The roadmap sees the alternate approaches providing the final 13% of emission reductions needed to get the U.S. to a net-zero economy by 2050. Together, the other three pillars will provide the other 87% of reductions, beginning from a 2015 baseline of 450 million metric tons of industrial CO2 emissions per year.
Granholm pointed to the “cross-cutting” impacts of the different pillars and sectors. For example, carbon capture will be critical for decarbonization of cement making, according to the roadmap. About 65% of the emissions reductions needed to get the sector to near net-zero by 2050 will come from CCUS, the road map says.
But those emission reductions will also help drive a 46% increase in cement production, the report says.
‘Liposuction Solution’
Echoing Granholm, McCarthy — who will be leaving her post on Sept. 16 — emphasized the importance of ensuring the new federal funding and “the work that we’re doing here [are] relevant to people. We have to make sure that we’re improving the lives of real human beings in a way that they can see. We have real resources; we need to show people how we’re going to make it work for them.”
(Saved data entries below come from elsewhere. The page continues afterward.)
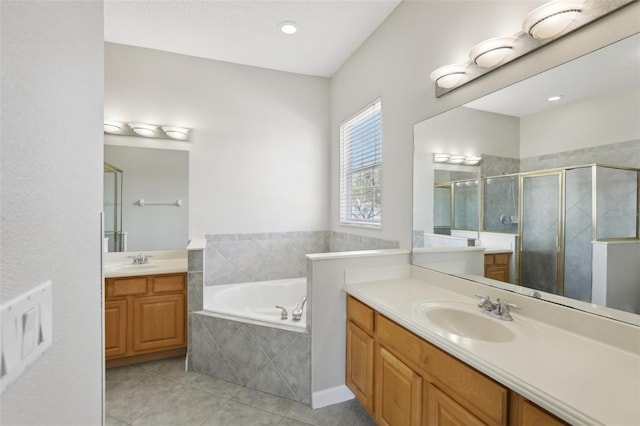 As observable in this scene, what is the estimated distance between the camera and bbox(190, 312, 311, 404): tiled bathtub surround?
206 cm

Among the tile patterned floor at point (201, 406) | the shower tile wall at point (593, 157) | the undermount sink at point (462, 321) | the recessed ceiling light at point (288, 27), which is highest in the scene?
the recessed ceiling light at point (288, 27)

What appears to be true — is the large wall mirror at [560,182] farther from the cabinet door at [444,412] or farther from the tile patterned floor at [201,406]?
the tile patterned floor at [201,406]

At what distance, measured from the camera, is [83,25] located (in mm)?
735

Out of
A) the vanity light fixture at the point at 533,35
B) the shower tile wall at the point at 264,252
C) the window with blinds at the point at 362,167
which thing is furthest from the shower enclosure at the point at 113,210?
the vanity light fixture at the point at 533,35

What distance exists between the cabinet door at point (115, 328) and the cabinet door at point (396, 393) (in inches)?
86.2

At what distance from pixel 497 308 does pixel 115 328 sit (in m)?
2.89

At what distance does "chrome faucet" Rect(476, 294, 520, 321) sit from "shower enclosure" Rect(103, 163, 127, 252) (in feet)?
10.5

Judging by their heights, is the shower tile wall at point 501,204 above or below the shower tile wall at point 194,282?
above

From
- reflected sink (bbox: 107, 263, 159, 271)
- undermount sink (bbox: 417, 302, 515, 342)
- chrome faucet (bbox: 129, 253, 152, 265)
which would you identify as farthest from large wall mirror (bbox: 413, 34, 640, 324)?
chrome faucet (bbox: 129, 253, 152, 265)

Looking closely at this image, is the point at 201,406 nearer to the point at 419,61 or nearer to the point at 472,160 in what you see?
the point at 472,160

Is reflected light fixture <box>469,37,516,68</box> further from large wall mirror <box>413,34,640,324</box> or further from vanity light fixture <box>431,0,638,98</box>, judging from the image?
large wall mirror <box>413,34,640,324</box>

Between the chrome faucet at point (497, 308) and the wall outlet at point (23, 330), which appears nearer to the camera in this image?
the wall outlet at point (23, 330)

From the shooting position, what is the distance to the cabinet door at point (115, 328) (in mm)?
2438

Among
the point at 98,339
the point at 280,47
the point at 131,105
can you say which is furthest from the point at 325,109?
the point at 98,339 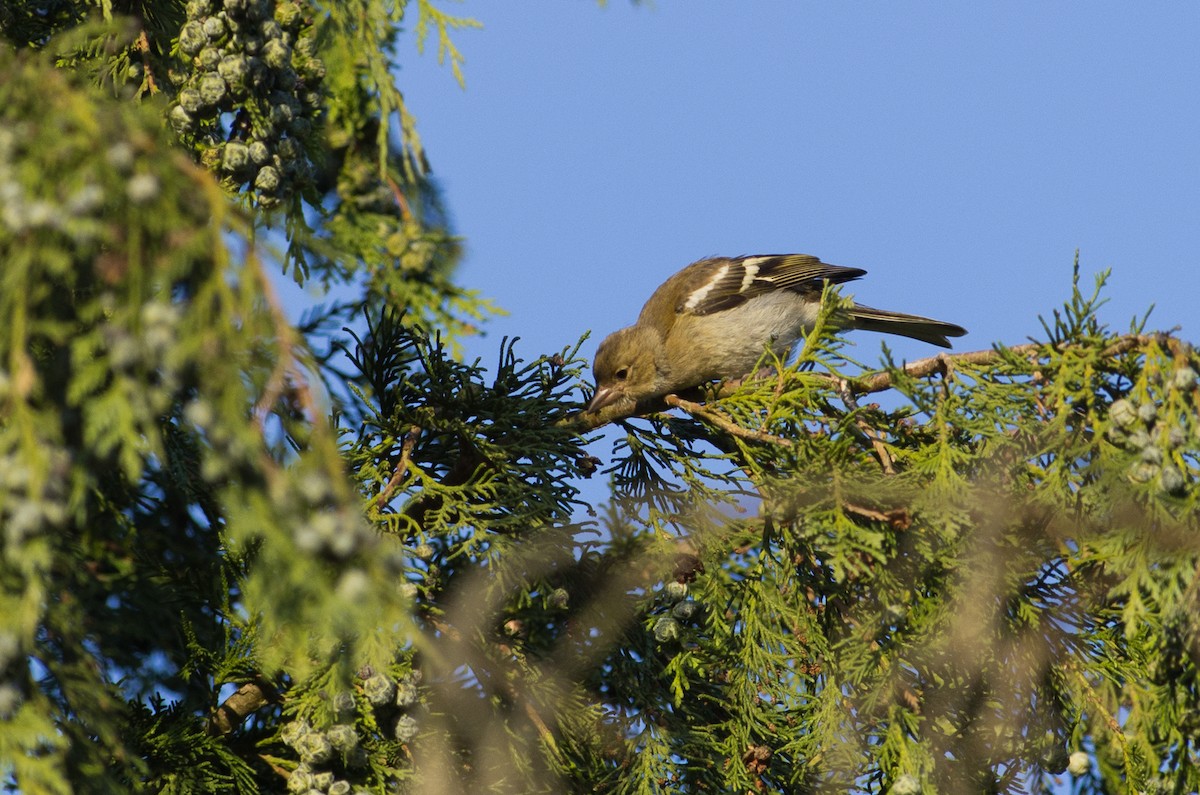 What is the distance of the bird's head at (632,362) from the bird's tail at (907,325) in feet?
5.08

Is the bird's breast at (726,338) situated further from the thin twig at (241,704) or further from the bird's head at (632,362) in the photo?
the thin twig at (241,704)

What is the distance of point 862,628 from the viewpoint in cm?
342

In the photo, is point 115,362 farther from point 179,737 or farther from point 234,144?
point 234,144

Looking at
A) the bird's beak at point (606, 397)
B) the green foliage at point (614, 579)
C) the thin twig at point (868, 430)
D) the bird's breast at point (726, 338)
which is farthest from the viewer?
the bird's breast at point (726, 338)

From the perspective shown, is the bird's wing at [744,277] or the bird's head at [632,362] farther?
the bird's wing at [744,277]

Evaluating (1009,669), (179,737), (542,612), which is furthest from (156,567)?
(1009,669)

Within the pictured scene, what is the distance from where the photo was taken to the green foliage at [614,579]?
315 cm

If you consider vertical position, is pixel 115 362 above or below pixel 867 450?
above

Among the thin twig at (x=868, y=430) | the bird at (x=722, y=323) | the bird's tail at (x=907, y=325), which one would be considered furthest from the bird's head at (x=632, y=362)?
the thin twig at (x=868, y=430)

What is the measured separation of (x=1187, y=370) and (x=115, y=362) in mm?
2835

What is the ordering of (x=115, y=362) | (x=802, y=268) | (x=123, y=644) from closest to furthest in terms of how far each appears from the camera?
(x=115, y=362), (x=123, y=644), (x=802, y=268)

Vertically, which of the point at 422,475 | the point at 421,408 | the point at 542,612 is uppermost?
the point at 421,408

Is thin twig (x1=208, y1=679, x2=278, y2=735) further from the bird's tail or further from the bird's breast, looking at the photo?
the bird's tail

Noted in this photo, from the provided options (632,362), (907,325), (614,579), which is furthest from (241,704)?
(907,325)
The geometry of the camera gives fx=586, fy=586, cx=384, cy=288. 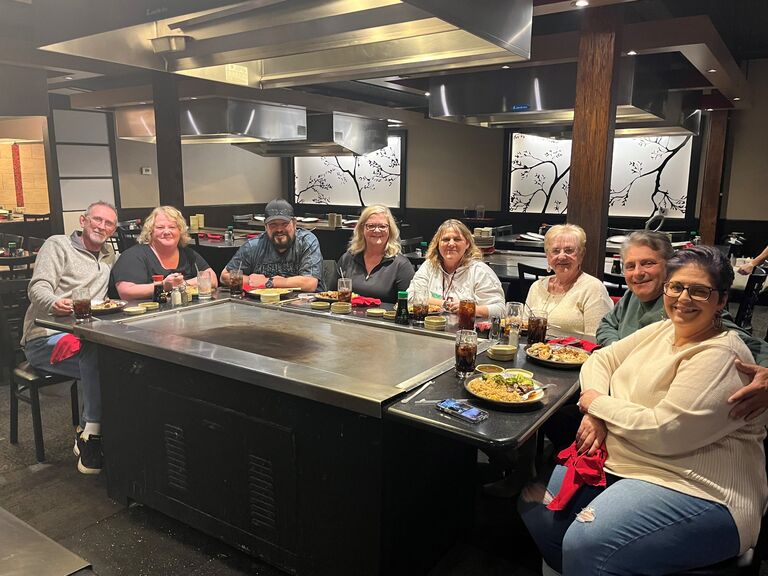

Anna Fendley, director of regulatory and state policy for the United Steelworkers, said the federal government has a key role to play as a “convener, driving collaboration among industry, labor [and] management, because we need to catch the low-hanging fruit, but we also need to do the really big things that are going to be hard but transformational, and invest in jobs in the long-term.”
Robbie Orvis, senior director for modeling and analysis for industry consultants Energy Innovation, said one way to promote worker buy-in is by highlighting that “decarbonizing industry … actually can save industry money and make our goods cheaper, and free up money to pay workers more.”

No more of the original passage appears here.